Pelayan nya disini orang Indonesia semua, jadi aku tak perlu menggunakan bahasa inggris untuk berkomunikasi, tetapi yang paling mengejutkan adalah bahwa harga masakan Indonesia sangat mahal dibandingkan masakan barat, bahkan harganya bisa mencapai 5 kali lipat. Ibaratkan nya jika di Indonesia nasi berlauk ayam dan sayur kangkung dan kentang seharga 18 ribu rupiah, maka di Australia dihargai dengan  8 Dolar Australia atau setara dengan 72 ribu rupiah, padahal makan barat sejenis burger disini hanya seharga 1,5 Dolar Australia atau sekitar 12 Ribu Rupiah. Sempat aku bertanya kepada pelayan restauran mengapa harga nasi lebih mahal dari harga daging disini, dan mereka menjawab adalah karena sulitnya mendapatkan beras ketimbang daging di negara ini, sebab disini nasi adalah barang yang diimpor dari negara lain seperti Indonesia, Thailand ataupun Vietnam. Latar belakang hal tersebut adalah kondisi tanah di negara ini sangat sulit untuk menumbuhkan tanaman seperti padi.
Selesai makan, aku kembali melanjutkan perjalanan “Jalur Trem” ku. Kini aku sudah sampai di Exhibition Street. Di ujung jalan besar ini, terdapat sebuah gedung dengan arsitektur klasik abad rennaisance yang dikelilingi taman bernama Royal Exhibition Building . Gedung ini dikenal sebagai tempat pertemuan acara-acara penting yang sudah digunakan sejak zaman kolonial dulu.

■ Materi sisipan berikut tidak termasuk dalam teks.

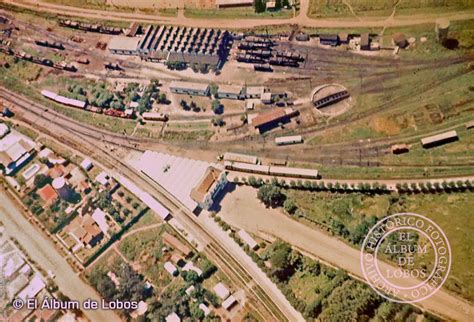 Estación Empalme Lobos vista aérea década de 1980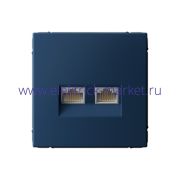 Systeme Electric ArtGallery Аквамарин Розетка двойная компьютерная RJ45+RJ45, кат.6А, механизм GAL001188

Dibelakang gedung tersebut terdapat Melbourne Museum. Bagiku, Melbourne Museum adalah museum terlengkap dan terbagus yang pernah kukunjungi seumur hidup. Museum itu memuat segalanya, dari zaman batu hingga zaman tekhnologi, dari hal kecil hingga hal-hal besar. Yang palik unik adalah adanya hutan hujan tropis mini didalam museum tersebut, lengkap dengan flora-flora yang sangat langka didalamnya. Kemudian ada juga fosil-fosil dinosaurus, bahkan replika Dinosaurus itu ada, yaitu sebuah robot Dinosaurus yang bertingkah layaknya sebuah kenyataan. Masih banyak sekali hal yang terdapat di museum ini. Yang tak dapat kujelaskan satu persatu, yang tak dapat kujelaskan secara ilmiah ataupun yang tak dapat kujabarkan secara rinci.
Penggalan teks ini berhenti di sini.